**Assignment:** Omit the pictures and output exactly the lines from the start of the entries through the line containing "Couch Club panoramic".

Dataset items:
========================================================================

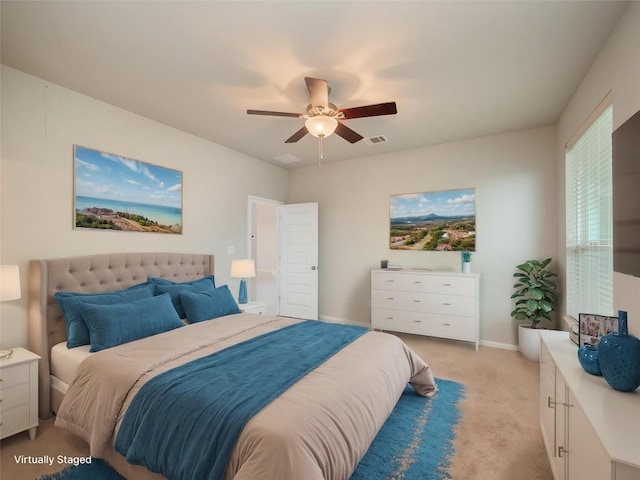 bedroom with light colored carpet, a ceiling fan, baseboards, and visible vents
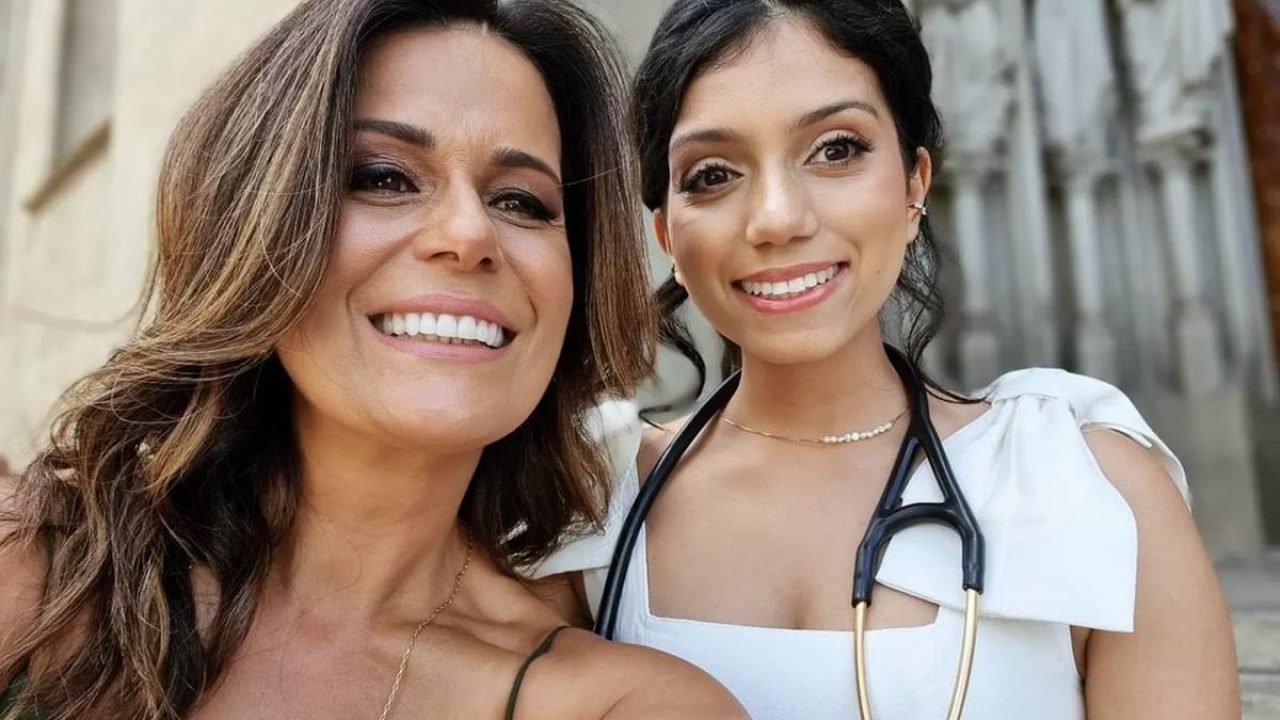Adriana Araújo e a filha posam sorrindo juntas em frente a uma igreja, a filha usa jaleco branco e estetoscópio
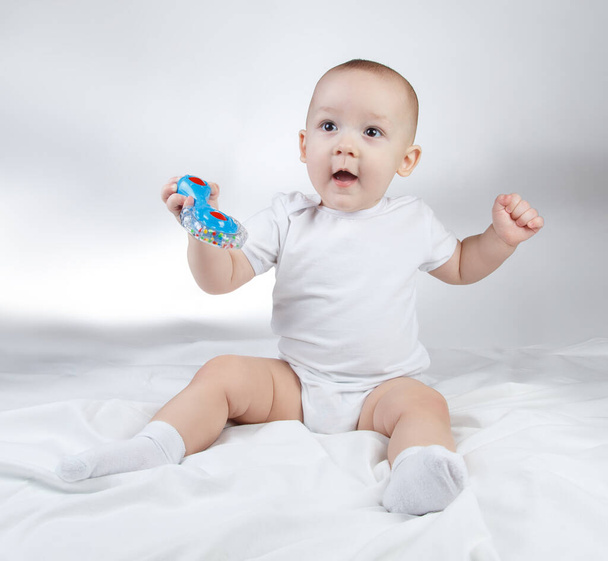 Foto eines zehn Monate alten Jungen mit blauer Rassel - Foto, Bild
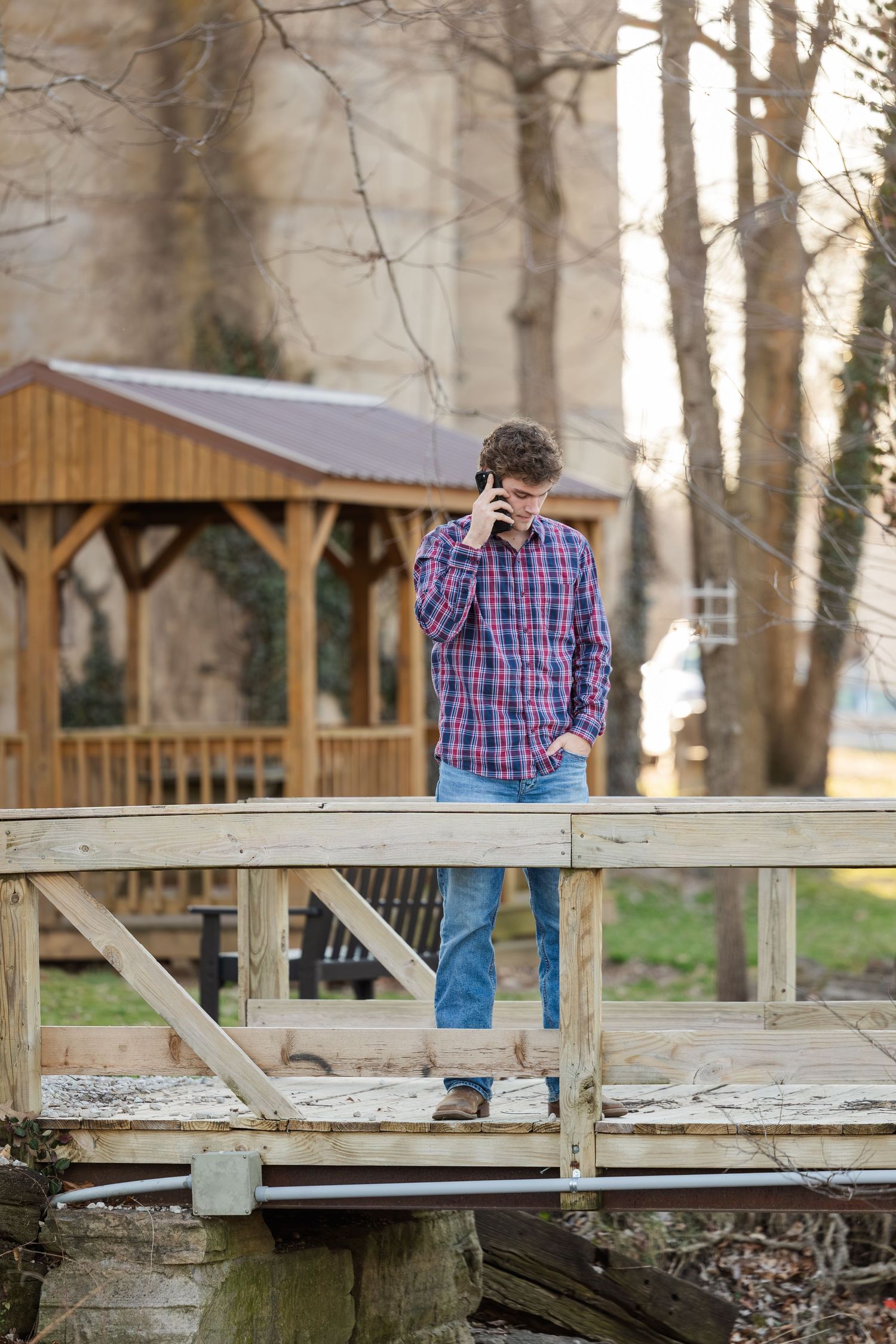 Person in plaid shirt and jeans standing on wooden bridge with gazebo in background.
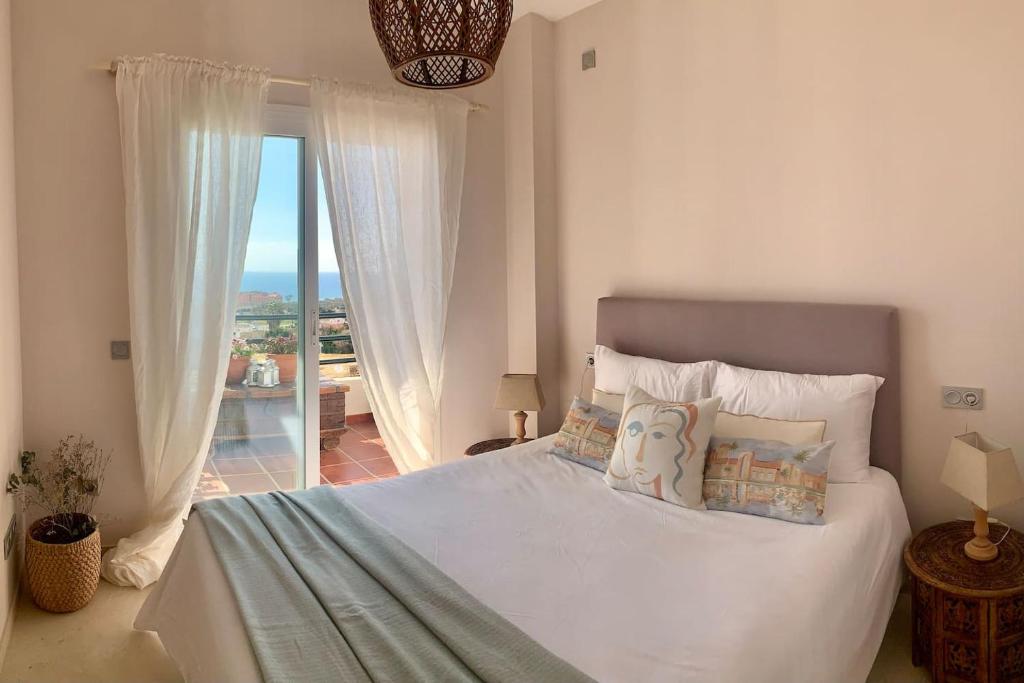 um quarto com uma cama e vista para o oceano em Los Jardines Del Mar em Manilva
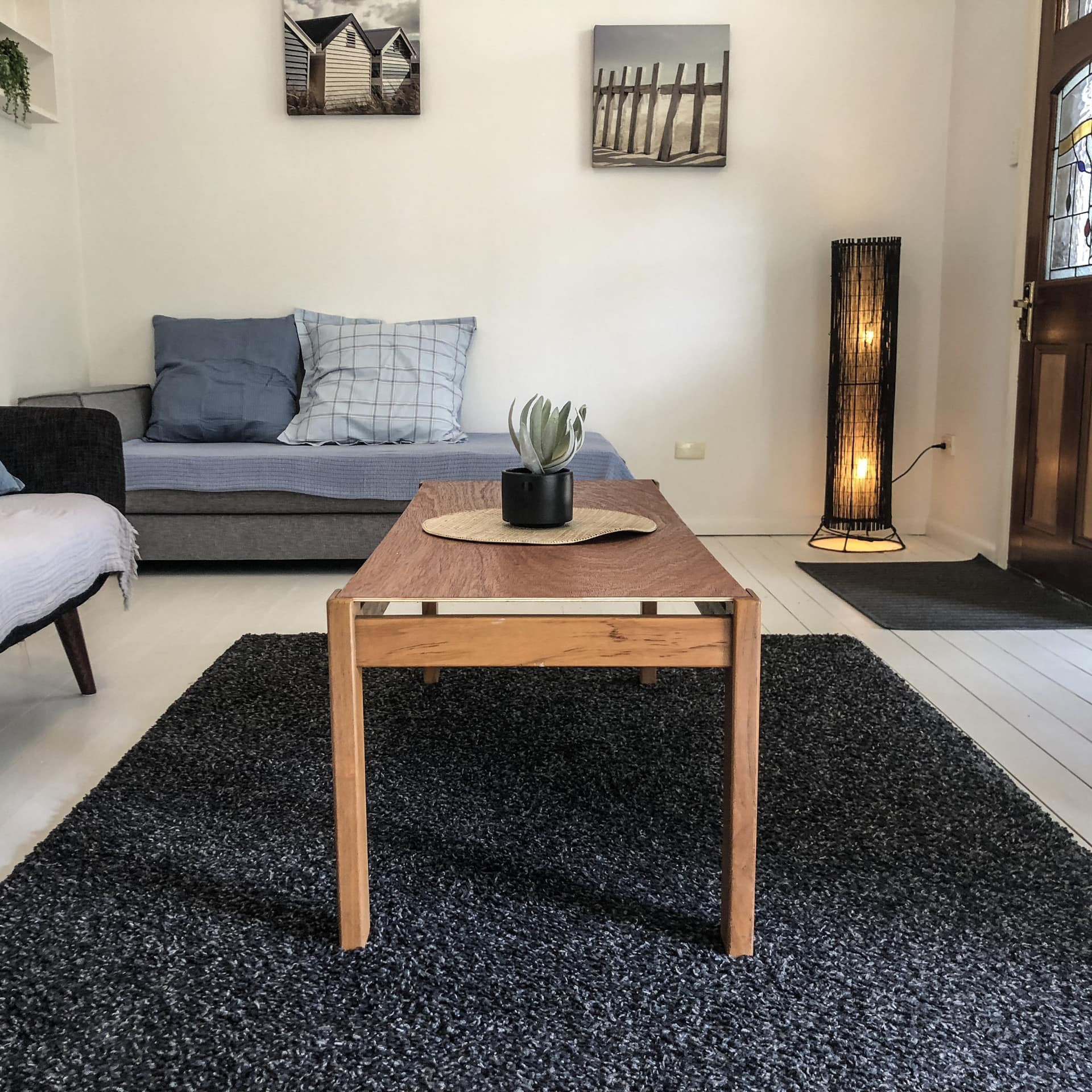 Modern living room with wood floors, grey and black sofas, wooden coffee table, black shag rug.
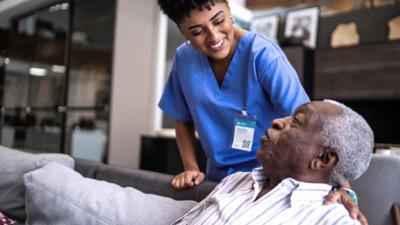 Healthcare worker with patient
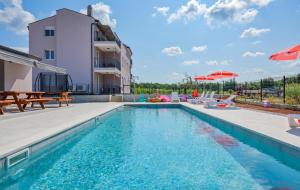 a swimming pool with chairs and umbrellas next to a building at Apartmani Lucija in Poreč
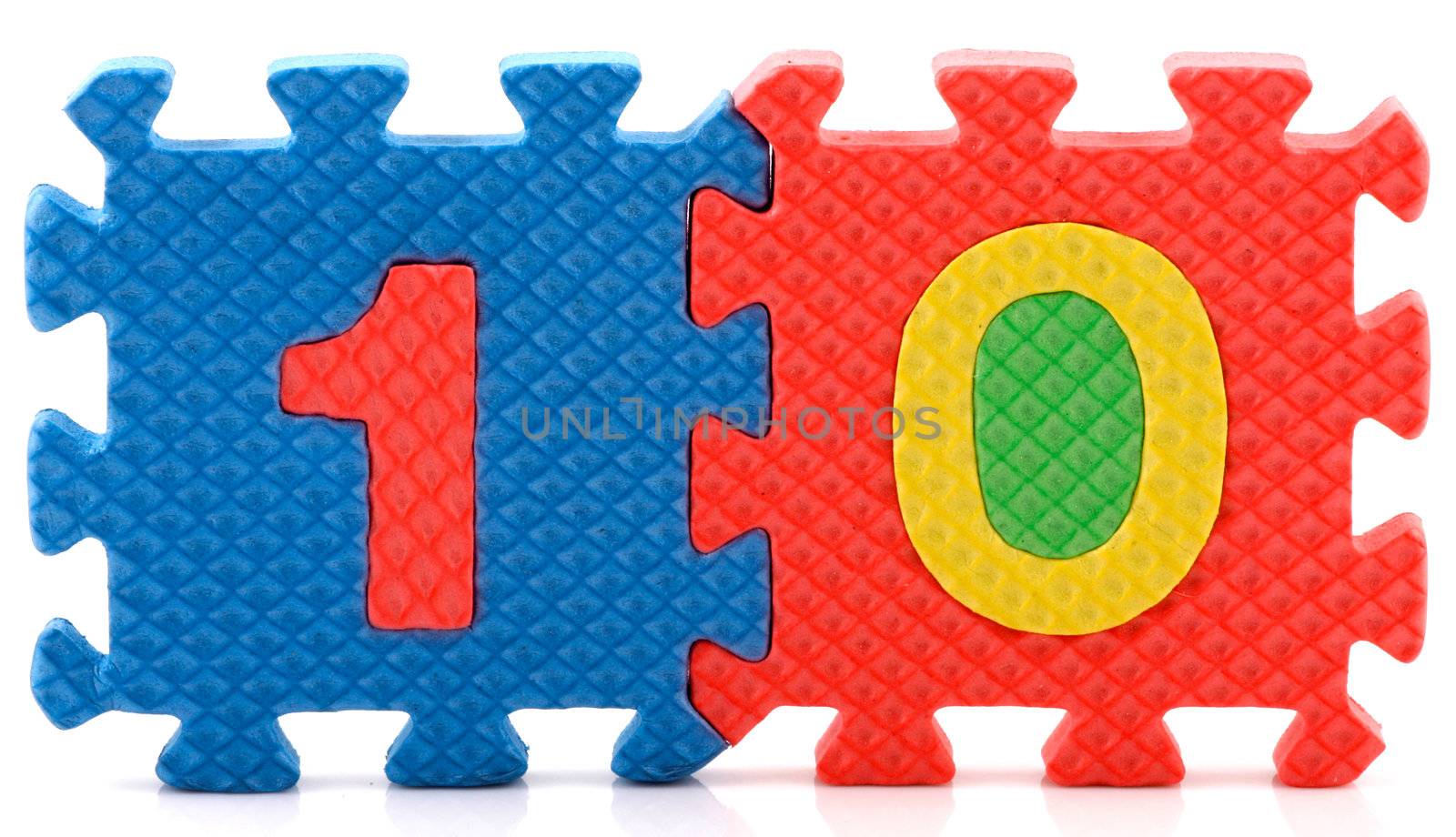 Alphabet puzzle pieces on white background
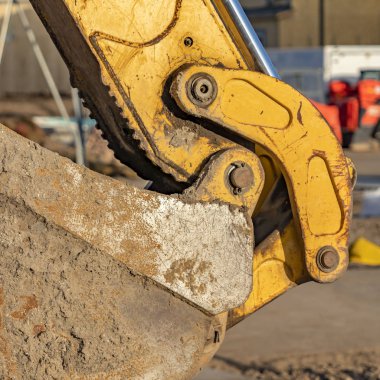 Berrak Kare Güneşli bir günde bir şantiyede görüntülenen sarı bir ekskavatör kova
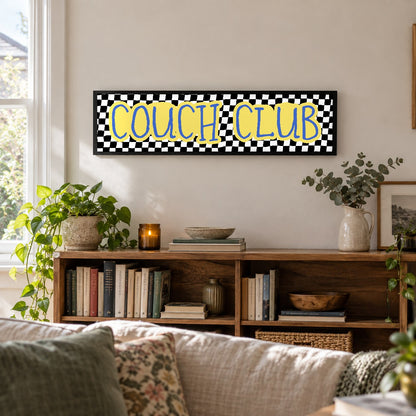 Couch Club panoramic print in a black frame in a room setting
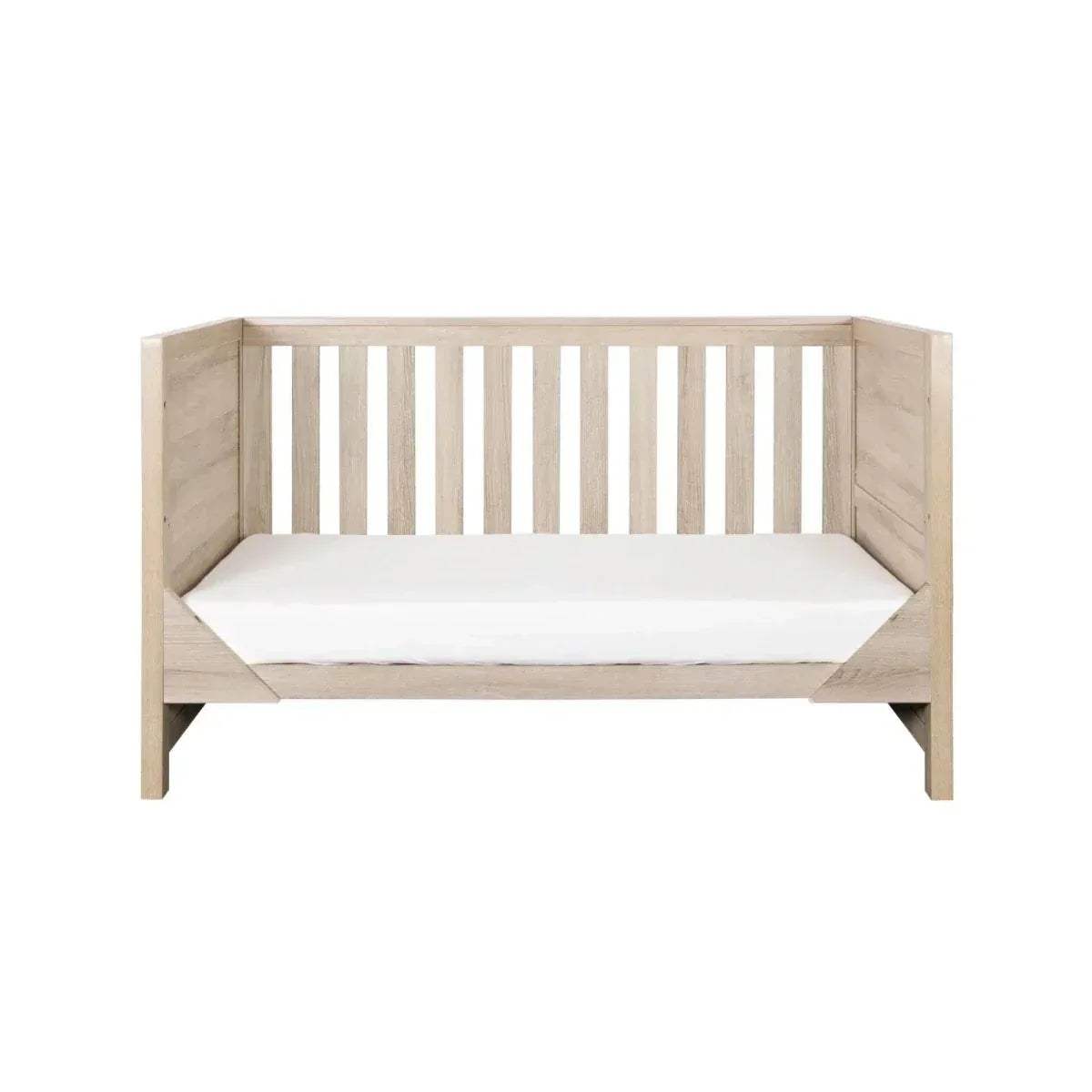 Oak cot bed with solid end panels, vertical slat headboard and footboard, and mattress platform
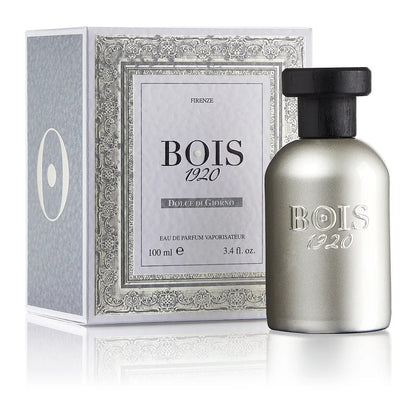 Bois 1920 Dolce Di Giorno perfume bottle with metallic silver finish and black cap displayed beside its elegant fragrance box.
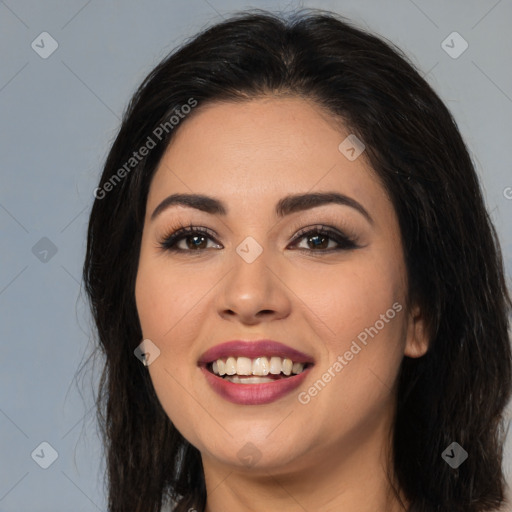 Joyful latino young-adult female with long  brown hair and brown eyes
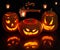 Scary Halloween Pumpkins in the dark with reflection.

========================================================================

**Answer section:**
 bedroom with light colored carpet, a ceiling fan, baseboards, and visible vents
Adriana Araújo e a filha posam sorrindo juntas em frente a uma igreja, a filha usa jaleco branco e estetoscópio
 Foto eines zehn Monate alten Jungen mit blauer Rassel - Foto, Bild
 Person in plaid shirt and jeans standing on wooden bridge with gazebo in background.
 um quarto com uma cama e vista para o oceano em Los Jardines Del Mar em Manilva
 Modern living room with wood floors, grey and black sofas, wooden coffee table, black shag rug.
 Healthcare worker with patient
 a swimming pool with chairs and umbrellas next to a building at Apartmani Lucija in Poreč
 Alphabet puzzle pieces on white background
 Berrak Kare Güneşli bir günde bir şantiyede görüntülenen sarı bir ekskavatör kova
 Couch Club panoramic print in a black frame in a room setting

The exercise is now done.